海未も練習の時は鬼と化すが、普段は穏やかだ。
『彼女の本来の姿(?)』を知らない者からすれば、文武両道の大和撫子。
下級生から憧れの存在として、ファンも多い。
もちろん亜里沙もその一人。
そして『日本文化オタク』であるデルフィナも、海未の事を好いてるらしい。
…
それに比べて私は…。
部員以外の1年生からは『孤高のピアニスト』と呼ばれていると聴いて、苦笑した。
「カッコいい!凛もそういうあだ名が欲しいにゃ」
凛はそう言うけど…つまり、それは『ひとりぼっち』って意味でしょ?
気にしない素振りはしてるけど、内心、傷ついているのよ。
どのように接したらいいか悩んでいるのは、1年生も同じだった。
必要最低限なこと以外喋らない真姫に対して、雪穂と亜里沙でさえ自ら話し掛けることができない。
…
このままじゃいけない…。
真姫は思い切って、絵里に電話をした。
「私の場合は…先輩後輩を禁止して距離を縮めたけど…それは花陽がやめたっていうし…」
「あったとしても変わらないわよ」
「そうかしら…でも…そうね…無理をしなくてもいいんじゃない?いずれ、時が解決するわ」
「そういうもの?」
「自分を信じなさい。
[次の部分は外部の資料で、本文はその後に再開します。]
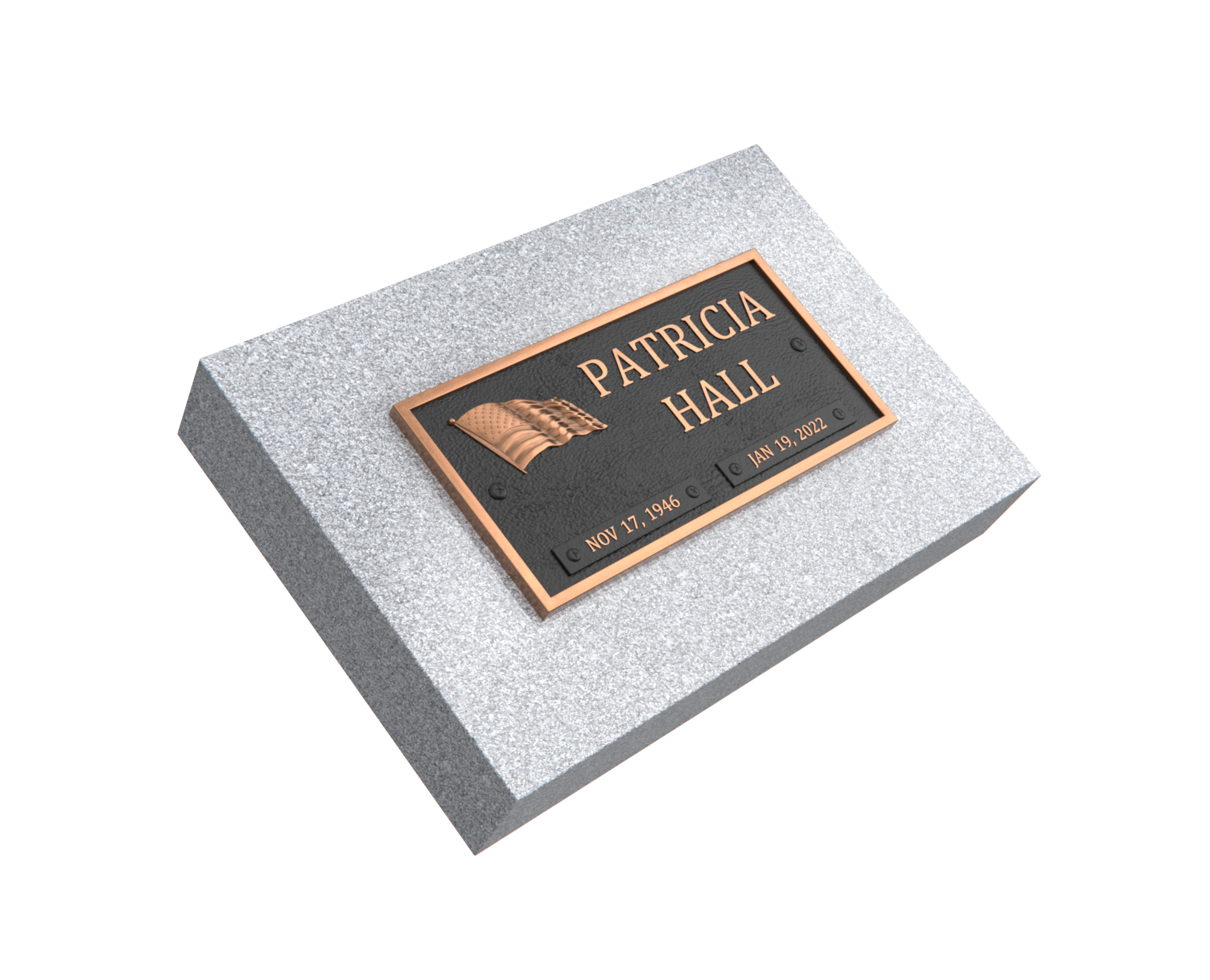 Premium Bronze Plaque 8"x 4"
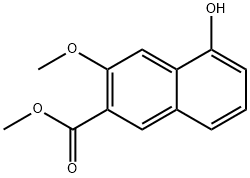 5-Hydroxy-3-Methoxy-Naphthalene-2-Carboxylic Acid Methyl Ester 结构式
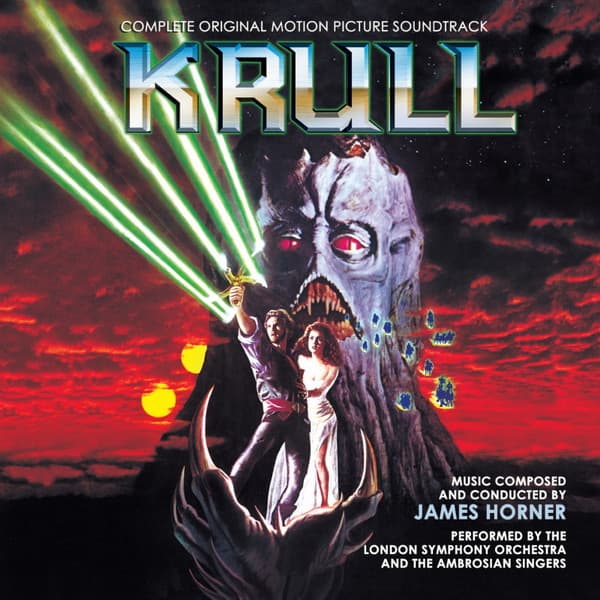 James Horner – Krull (Complete Original Motion Picture Soundtrack) vinyl cover art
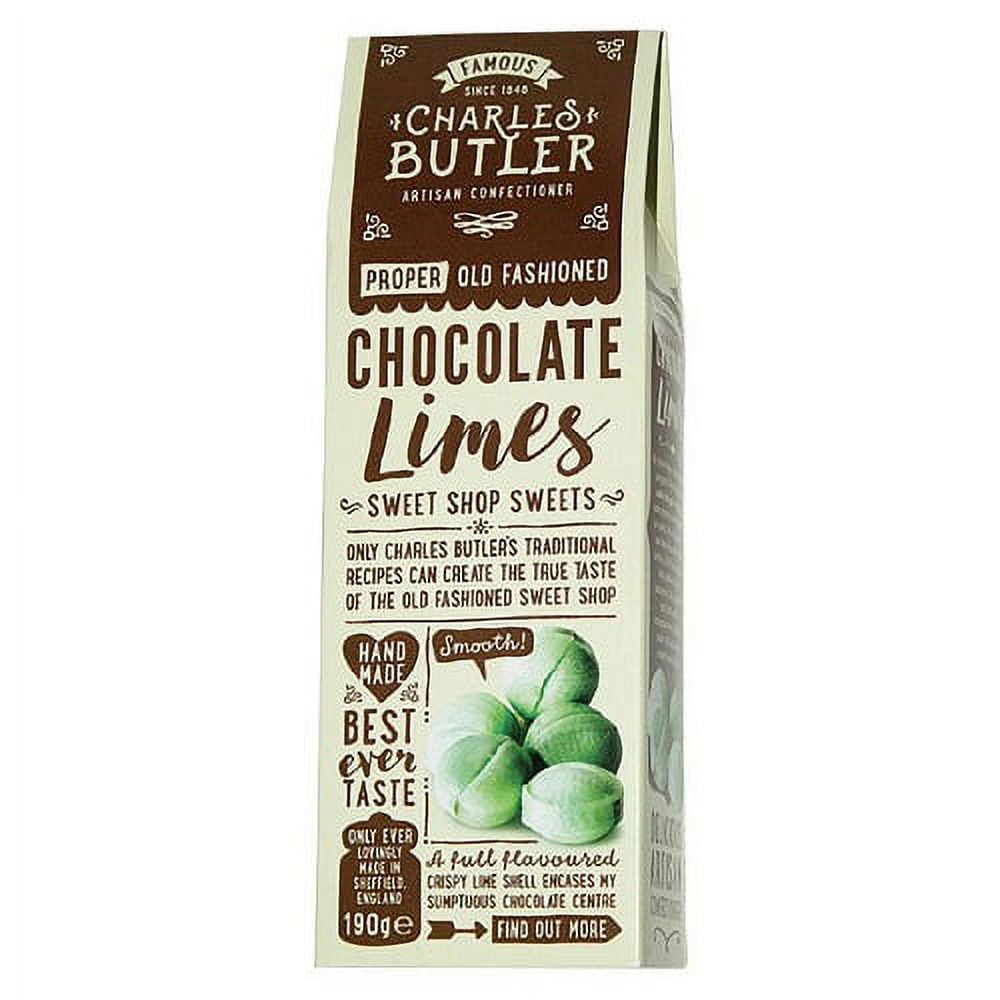 Charles Butler Chocolate Limes 190g (Pack of 6)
私はμ'sに入って変わったわ…真姫はどう?」
「…」
「あなただって1年前の真姫じゃないでしょ?まずは挨拶から初めてみたら」
「挨拶…ね…」
…
「お、おはよう…」
次の日の朝、後輩に会った真姫は先に声を掛けた。
彼女たちは驚いた顔をしたが、すぐ、にこやかに「おはようごうざいます!」と返事があった。
「真姫ちゃんが、先に挨拶なんて…熱あるにゃ?」
「ないわよ」
「それじゃあ、雪でも降るのかにゃ」
「どうしてそうなるのよ!花陽、凛が虐めるの…何とか言って」
「ふふふ…凛ちゃん、そんなこと言っちゃダメだよ」
「にゃ?真姫ちゃんは、かよちんといるとすぐ甘えんぼさんになるにゃ」
顔を赤らめる真姫を、凛が冷やかす。
「ちょっと凛!」
「ひょえ~真姫先輩も、あんな表情するんだね」
「…デレる真姫先輩…なんか意外な一面を見た気がする…」
「そういえば…花陽先輩といるときの真姫先輩って、すごく穏やかな顔をしてるよね」
「ナルホド、ナルホド」
「なにが、なるほどなの?」
「ツマリ真姫先輩ハ、花陽先輩ノコトガ…」
「あっ!」
デルフィナの言わんとすることを理解した一同。
イチャつく2人を想像して顔がにやける。
「なぁんだ、真姫先輩も可愛いところあるじゃん」
真姫の意図とは少し違ったようだが、どうやら後輩との距離は少し縮まったようだった。
「くちゅん!」
「ほら、真姫ちゃん、風邪ひいたんじゃない」
「だから、違うってば!」
先を歩く3人の姿を、ぼーっと見つめる雪穂。
「どうかした?」
「!!…ううん、なんでもない…さ、行こう!」
雪歩は、あさっての方向を向いて歩き出した…。